Dave T - T is the first letter of his surname. Frighteningly intelligent and incisive. Doesn't suffer fools gladly.
Another Big Dave - because his forearms were as big as my thighs (and I don't have small thighs!!!)! Strangely a very sensitive and caring guy...


 
Posted : 10/01/2014 11:50 am
Posts: 21016
Full Member
 

Annoying Dave.
Wittering Dave.
Spectrum Dave.
'Used to be with Kate' Dave.
Interesting Dave.

llama - Member

Wavy Davey

Same here - small world....say hello when you see him.


 
Posted : 10/01/2014 11:51 am
Posts: 9242
Full Member
 

Forgot - Dave the cat. **** he was cool!

Best STW thread ever BTW. Dave's are almost universally brilliant. CMD being the exception that proves the rule - he's obviously not a [i]proper[/i] Dave!


 
Posted : 10/01/2014 11:54 am
Posts: 91173
Free Member
 

Dave later became known as Lying Dave when it became clear his life was a pathetic web of deceit.

We used to know a Bullshit Chris.

There's a Twinkly Dave around here somewhere too.

And I know an Uncle Dave. Actually, that's not true, he's Uncle David and no-one would EVER think of calling him Dave. It would just be completely wrong.


 
Posted : 10/01/2014 11:56 am
 IA
Posts: 563
Free Member
 

Big Dave.
Big Daddy Dave.
Dave Dave.
Another Dorset Dave (scottish)
Sinister Dave (left handed)


 
Posted : 10/01/2014 12:41 pm
Posts: 92
Full Member
 

Half-job Dave. Self-evident really.


 
Posted : 10/01/2014 12:45 pm
Posts: 6259
Full Member
 

At uni, we had

Stroboscope Dave (blinked more than a lot - permablink)


 
Posted : 10/01/2014 12:52 pm
Posts: 0
Free Member
 

Err, me... And my surname begins with a T...

Dave T - T is the first letter of his surname.
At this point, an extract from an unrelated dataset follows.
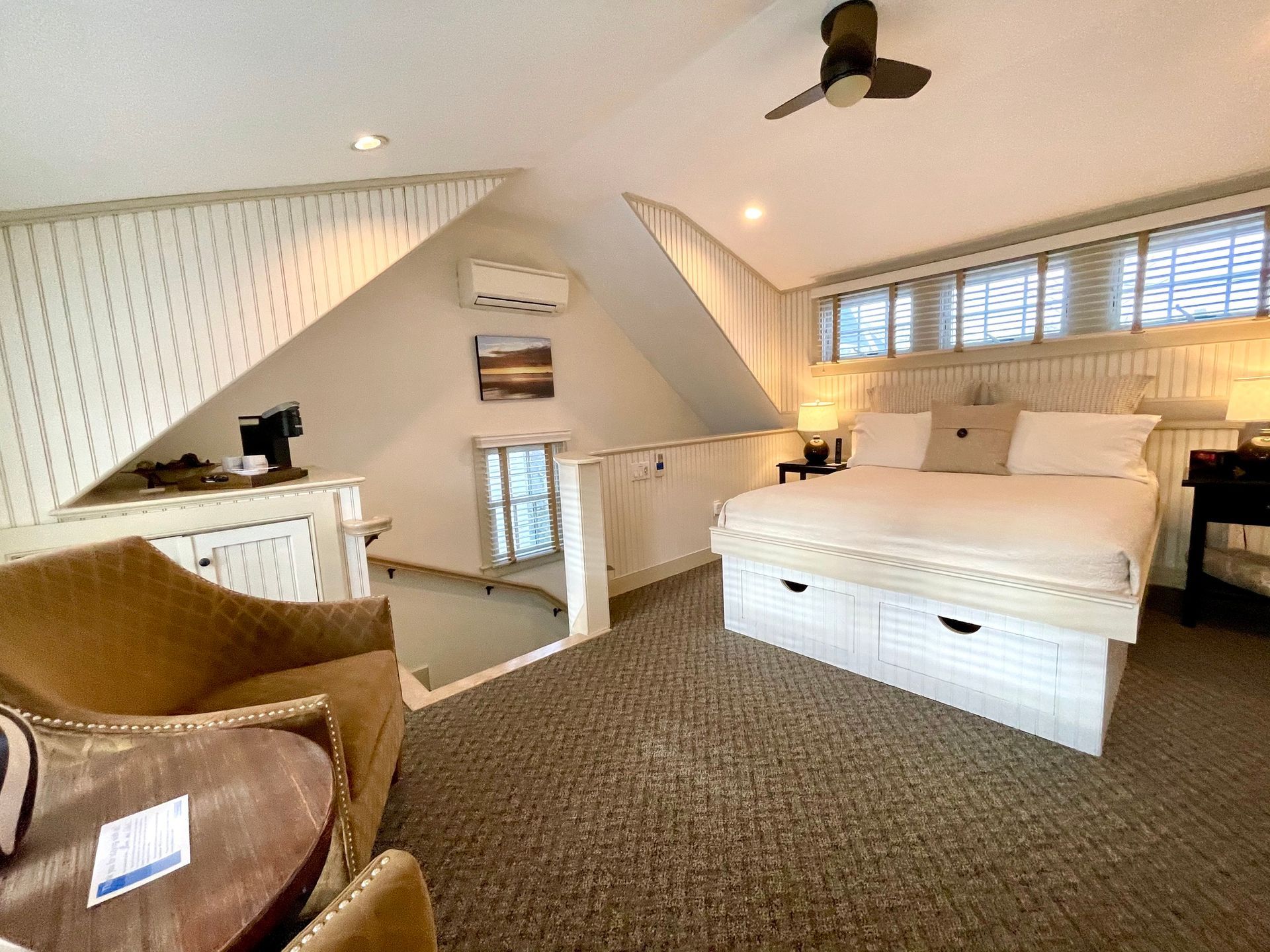A bedroom with a king size bed and a ceiling fan.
Frighteningly intelligent and incisive. Doesn't suffer fools gladly.

Although I wouldn't call myself frighteningly intelligent by any means.

At various points known as davetrave, hence username, for liking a bit too much to drink combined with a penchant for nakedness & drinking games inherited from life in the Forces; and Dangerous Dave, for my exploits as a younger man whilst on the regular lads' ski trips "is that a cliff? Dangerous'll jump off it...".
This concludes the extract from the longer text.